Exercise prompt:
Output the lines below exactly, please, from the first line until the line with "Bride and Groom", counting both.

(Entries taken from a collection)
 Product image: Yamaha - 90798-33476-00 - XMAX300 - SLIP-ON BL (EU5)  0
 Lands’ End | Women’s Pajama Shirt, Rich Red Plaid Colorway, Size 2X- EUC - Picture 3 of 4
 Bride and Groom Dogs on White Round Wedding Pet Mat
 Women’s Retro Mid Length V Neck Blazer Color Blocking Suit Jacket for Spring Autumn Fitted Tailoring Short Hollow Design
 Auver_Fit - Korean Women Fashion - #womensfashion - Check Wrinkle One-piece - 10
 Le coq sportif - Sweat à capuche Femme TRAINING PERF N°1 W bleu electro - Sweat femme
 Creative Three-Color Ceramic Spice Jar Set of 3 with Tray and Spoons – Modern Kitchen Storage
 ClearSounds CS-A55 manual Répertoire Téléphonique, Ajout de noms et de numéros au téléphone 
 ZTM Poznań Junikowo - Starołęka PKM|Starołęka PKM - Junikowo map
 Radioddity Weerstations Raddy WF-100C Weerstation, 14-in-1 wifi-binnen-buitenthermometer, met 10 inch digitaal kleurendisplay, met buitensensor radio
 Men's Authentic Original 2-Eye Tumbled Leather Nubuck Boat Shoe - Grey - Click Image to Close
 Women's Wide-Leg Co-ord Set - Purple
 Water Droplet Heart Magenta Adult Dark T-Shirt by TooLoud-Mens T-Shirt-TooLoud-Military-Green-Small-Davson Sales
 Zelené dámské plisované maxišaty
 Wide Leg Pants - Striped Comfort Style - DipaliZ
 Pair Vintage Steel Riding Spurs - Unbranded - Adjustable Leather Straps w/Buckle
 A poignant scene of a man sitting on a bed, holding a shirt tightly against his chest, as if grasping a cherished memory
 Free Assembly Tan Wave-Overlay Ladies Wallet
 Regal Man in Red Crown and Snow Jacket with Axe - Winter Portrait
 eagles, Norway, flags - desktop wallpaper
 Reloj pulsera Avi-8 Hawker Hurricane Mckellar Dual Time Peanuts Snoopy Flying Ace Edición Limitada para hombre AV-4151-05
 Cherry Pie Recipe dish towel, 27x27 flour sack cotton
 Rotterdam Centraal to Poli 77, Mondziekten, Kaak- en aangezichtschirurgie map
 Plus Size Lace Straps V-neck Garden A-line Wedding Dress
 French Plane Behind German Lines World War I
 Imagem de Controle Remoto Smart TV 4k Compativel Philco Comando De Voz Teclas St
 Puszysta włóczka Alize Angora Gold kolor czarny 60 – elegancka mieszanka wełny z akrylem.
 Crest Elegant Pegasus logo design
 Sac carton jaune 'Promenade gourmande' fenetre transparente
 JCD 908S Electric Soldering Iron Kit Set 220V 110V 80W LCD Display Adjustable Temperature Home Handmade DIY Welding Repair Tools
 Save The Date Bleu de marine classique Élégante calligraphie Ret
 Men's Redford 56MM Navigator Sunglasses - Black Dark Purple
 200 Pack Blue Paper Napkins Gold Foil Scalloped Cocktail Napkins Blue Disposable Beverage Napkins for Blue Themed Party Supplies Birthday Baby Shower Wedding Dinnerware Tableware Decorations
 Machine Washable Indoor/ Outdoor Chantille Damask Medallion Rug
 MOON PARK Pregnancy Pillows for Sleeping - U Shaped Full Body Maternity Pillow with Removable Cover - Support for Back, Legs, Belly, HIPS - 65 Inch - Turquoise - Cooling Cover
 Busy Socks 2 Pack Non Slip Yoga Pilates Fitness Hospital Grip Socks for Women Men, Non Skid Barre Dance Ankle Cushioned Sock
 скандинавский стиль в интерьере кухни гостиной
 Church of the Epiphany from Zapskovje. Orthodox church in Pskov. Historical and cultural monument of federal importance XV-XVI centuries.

Answer section:
 Product image: Yamaha - 90798-33476-00 - XMAX300 - SLIP-ON BL (EU5)  0
 Lands’ End | Women’s Pajama Shirt, Rich Red Plaid Colorway, Size 2X- EUC - Picture 3 of 4
 Bride and Groom Dogs on White Round Wedding Pet Mat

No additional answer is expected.